En este tiempo de Adviento la Iglesia nos hace una seria invitación a recordar la venida del Señor. Rememoramos su primera venida como Niño indefenso, para preparar la segunda, cuando llegue como Juez, aquella que recitamos en el Credo: “Creo que ha de venir a juzgar a vivos y muertos”.
¿Nos estamos disponiendo para algo más que para compartir con nuestra familia en las próximas fiestas navideñas? Los tiempos que hoy vivimos pueden ser un aldabonazo a nuestra conciencia, preciosa ocasión para sacudir todo cuanto no agrade a Dios. ¡Ahora es tiempo de salvación!
Adviento: camino para un reencuentro
Tal vez nosotros nos hemos acostumbrado a vivir en un mundo que cada día, más y más se aleja de Dios. ¡Pero seguro que Dios no se ha acostumbrado a ver a sus hijos tambaleándose hacia el abismo! Precisamente una muestra de Su amor de Buen Pastor es no permitir que Sus ovejas caigan en manos de los lobos. ¡Dios nos llama constantemente a volver a Él!
Para percibir esta llamada y responder a ella, necesitamos de la oración y de la penitencia. La vida espiritual es un constante proceso de conversión. Dios quiere morar en nuestra alma cada vez más plenamente. Desea establecer su tienda entre nosotros. Nos ofrece su gracia divina, pero sin violentar nuestra libertad.
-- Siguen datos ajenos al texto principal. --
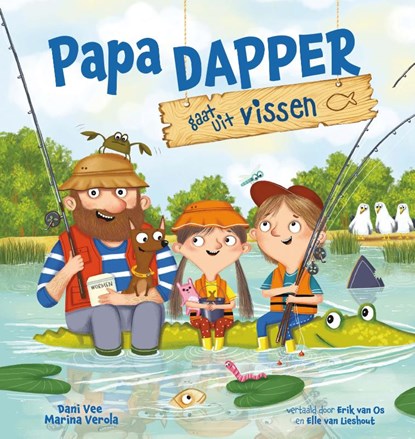 Papa Dapper gaat uit vissen, Dani Vee - Gebonden - 9789464394702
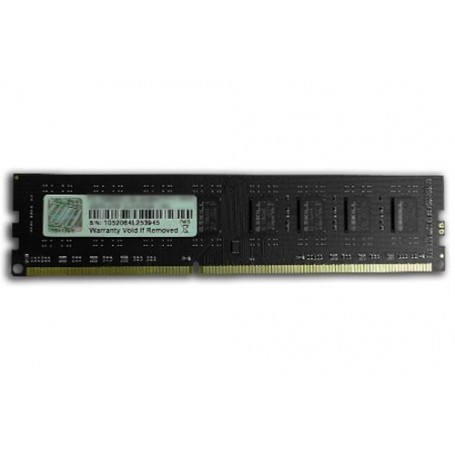 G.Skill 4GB DDR3-1600MHz NT memoria 1 x 4 GB (F3-1600C11S-4GNT)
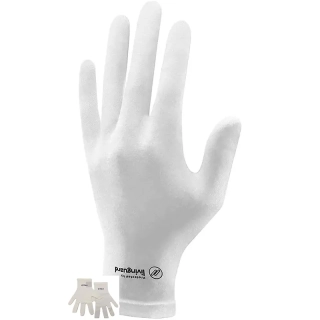 LIVINGUARD Street Gloves - Rukavice s dotykovou funkciou obrazovky - dámske biele "S"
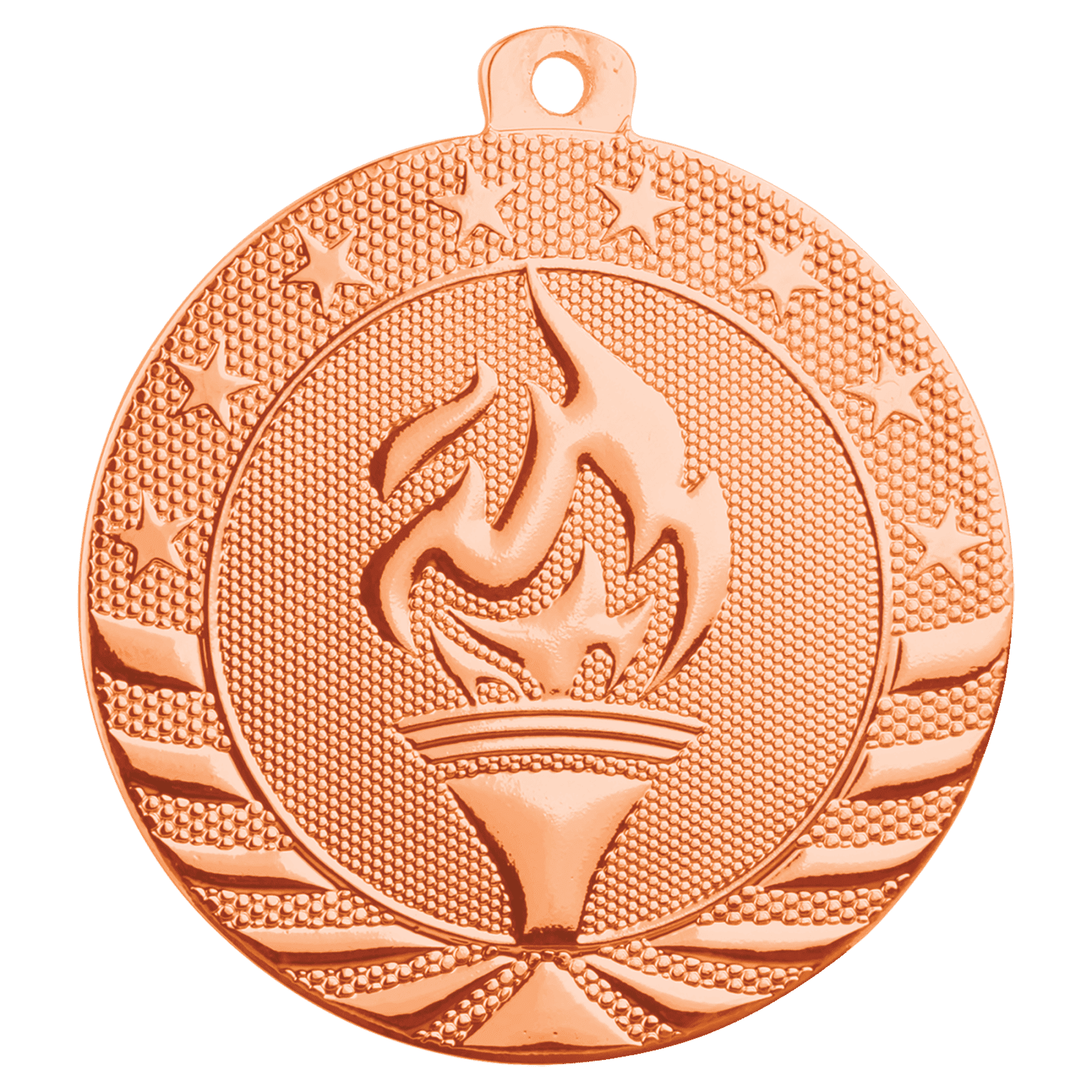 Torch Starbrite Medal-Bronze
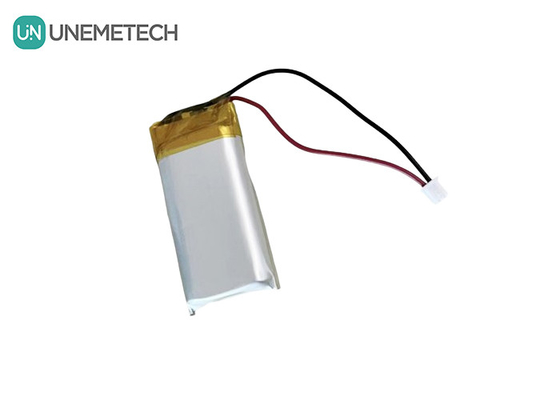 3.7V 600mAh रिचार्जेबल ली पॉलीमर बैटरी 802040 इलेक्ट्रॉनिक उत्पादों के लिए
A nosotros nos corresponde colaborar con ella.
Necesitamos ser liberados de nuestros vicios, esos malos hábitos que, profundamente arraigados, atentan contra el mandato de Dios, nuestro Creador, y envilece nuestra dignidad de hijos de un Padre tan bueno que nos conoce y sabe lo que nos conviene y hace felices. Para deshacernos de tales vicios, se requiere una profunda purificación.
Dios persiste en su búsqueda del hombre
En el mundo en que vivimos terribles pecados claman al cielo. Pensemos en el horror del aborto, la eutanasia, las perversiones sexuales, las ideologías que atentan contra la dignidad humana… La corrupción; el terrorismo, la violencia y la criminalidad están a la orden del día; rigen sistemas políticos hostiles a Dios, los hombres buscan una falsa seguridad en el bienestar material…
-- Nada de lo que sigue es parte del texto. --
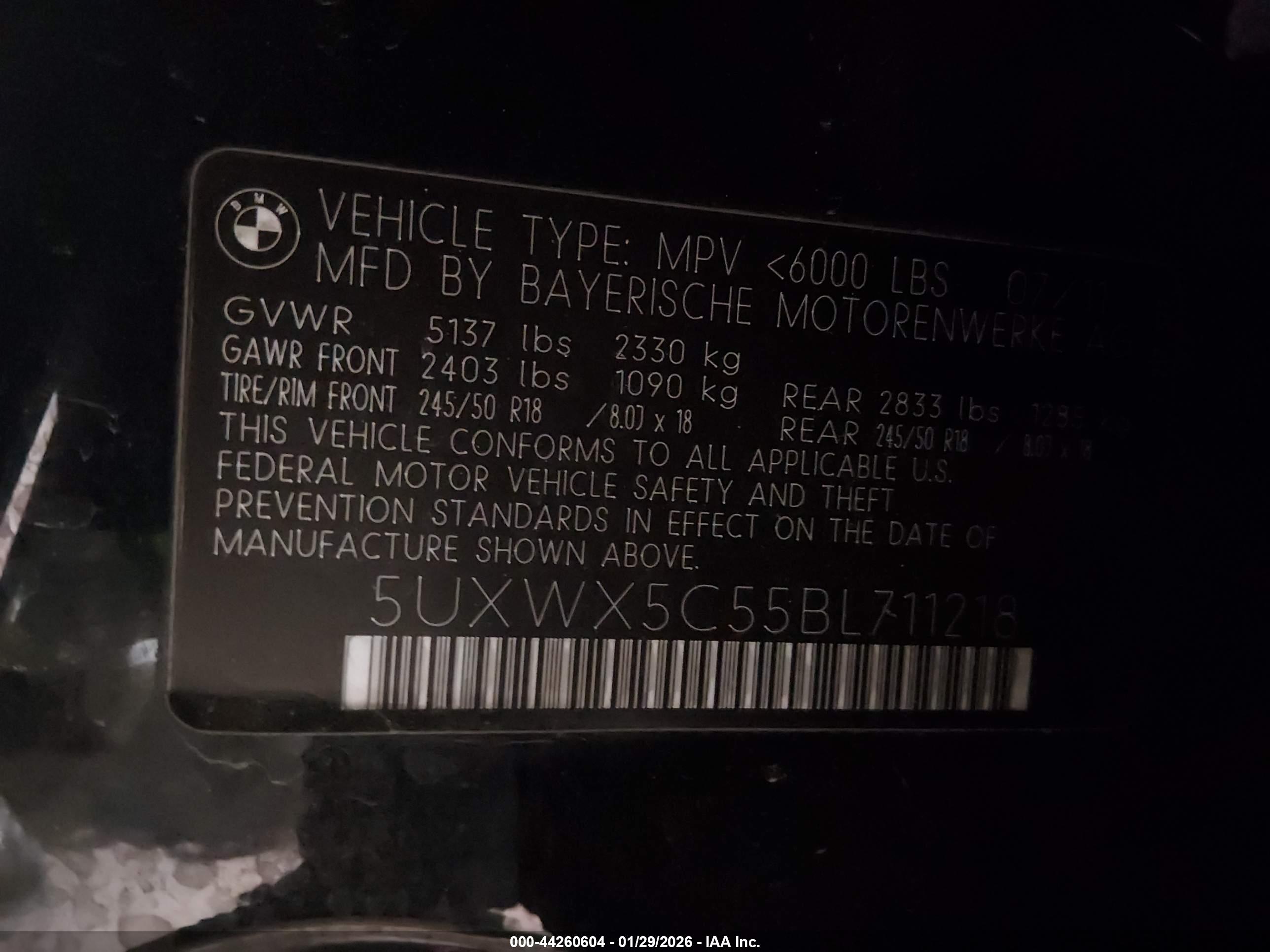 BMW X3 image 9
Sin embargo, Dios persiste en su búsqueda del hombre. Quiere bendecirnos, quiere rescatarnos… para eso ha venido al mundo, para reconciliarnos con Él. Pero una verdadera reconciliación sólo puede darse si reconocemos nuestros pecados, nos arrepentimos, nos confesamos, pedimos perdón. Esta es la razón del Adviento.
Nuestra Señora del Adviento
A lo largo de estas cuatro semanas que anteceden a la Navidad, contemplaremos a la Virgen Santísima en amorosa expectación ante el próximo nacimiento de su Hijo. Como decía San Juan Pablo II, María es toda Ella Adviento.
No hay lugar donde podamos hallar a Dios más cerca que en María; ni más adecuado a nuestra debilidad que Ella. Santa María es nuestro ambiente vital. De Ella recibimos la vida. En contacto estrecho con nuestra Madre renacemos a la vida del Espíritu. Sin María no podríamos vivir ni crecer en el amor divino.
Ella nos enseña a reavivar esa actitud de espera y esperanza que caracterizan a la Virgen-Madre. No es se trata de una espera pasiva, sino vigilante. Vigilancia que es paciencia, perseverancia y fidelidad a la gracia. Que es lucha contra nuestro egoísmo, nuestros intereses desordenados, nuestra carne que busca la comodidad y el placer. Lucha que nos va fortaleciendo y preparando para el encuentro con el Señor, con corazón sereno y confiado en ese Dios que se ha hecho Niño en las entrañas purísimas de María no para condenar sino para salvar.